Host defense to intracellular pathogens depends upon both innate and adaptive cell-mediated immune responses. Polymorphonuclear neutrophil leukocytes which belong to the innate immune system are the first cells that are recruited massively within hours of microbial infection. Neutrophils are the main players in the killing of microorganisms and recently new methods of killing including nets formation have been described. Neutrophils mediate tissue damage at infected sites. By promoting tissue injury neutrophils contribute to the initiation of inflammation, which is now recognized as an essential step in launching immunity. The importance of neutrophils as decision shaper in the development of an immune response is only emerging as they have long been considered by immunologists as short lived, non-dividing cells, of poor interest.  Now, neutrophils are emerging as key components of the inflammatory response, and are shown to have immunoregulatory roles in microbial infections.  In addition, neutrophils were also reported to contribute to the recruitment and activation of antigen presenting cells. Thus early interactions between neutrophils and surrounding cells may influence the development/resolution of both inflammatory lesion and pathogen-specific immune response. The impact of neutrophils on cells present at the site of infection are only beginning to be studied and deserves more attention. 

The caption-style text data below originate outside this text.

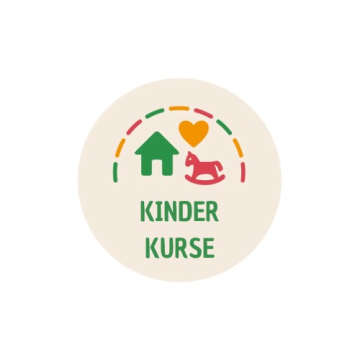 Kinderkurse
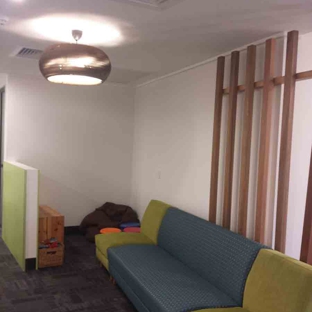 Lakeside Rooms - Robina, QLD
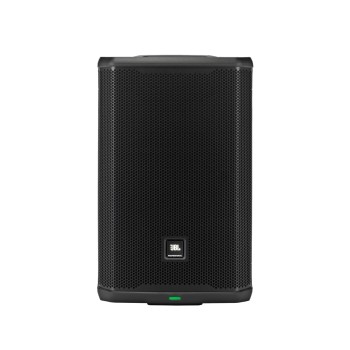 LR Baggs iBeam+Element P/U's w/Preamp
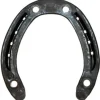 KERCKHAERT ST SPEC. 20X8 1/C 0 TAKAKENKÄ S4 HOKINREIÄT M10 (PR)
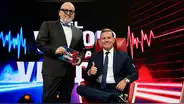 ‘El valor de la verdad’ con Renato Rossini: estas serían las preguntas más fuertes del programa con el actor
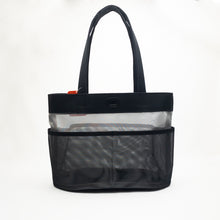 Load image into Gallery viewer, Walker Tote Bags with Pockets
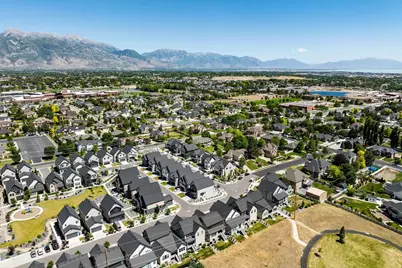 436 W 3050 N, Lehi, UT 84043 - Photo 59
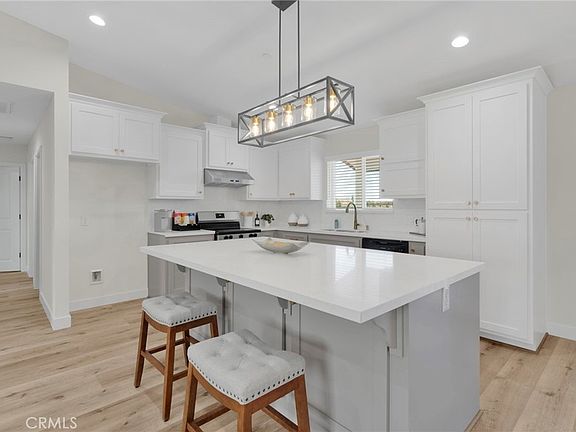 5th image of 20190 Osseo Rd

In this e-book the reader will find updated information about the role of neutrophils in the pathogenesis of 1) bacterial diseases including sepsis, mycobacteria and Chlamydia infections, and of 2) parasitic diseases including leishmaniasis and toxoplasmosis. The role of neutrophils in the protection against microorganisms has largely been underestimated and, until recently, their role was mostly thought to limited to a “kill and die” response. We will emphasize standard and advanced light microscopy techniques that allowed major advances in the understanding of neutrophil biology, through the visualization of the interaction of selected pathogens with neutrophils in living animals (Chapter 1). New neutrophil mode of killing, such as their release of extracellular traps to kill extracellular bacterial pathogens, together with several microbial strategies designed to escape NETs are presented in Chapter 2. Recent data in the field will illustrate the new role of neutrophils as orchestrators of a protective innate and adaptive immune response in bacterial (Chapters 3-5) and in parasitic infections as well (Chapter 6-7). Finally, neutrophil role as host cells and Trojan horses for parasite entry into the host will be the topic of Chapters 8.

The aim of this e-book is to provide an overview of the recent advances made in the field of neutrophil biology. It will provide a basis for understanding future development that will occur in this area, and provide the reader with a short overview of some of the exciting new directions in which neutrophil research is moving.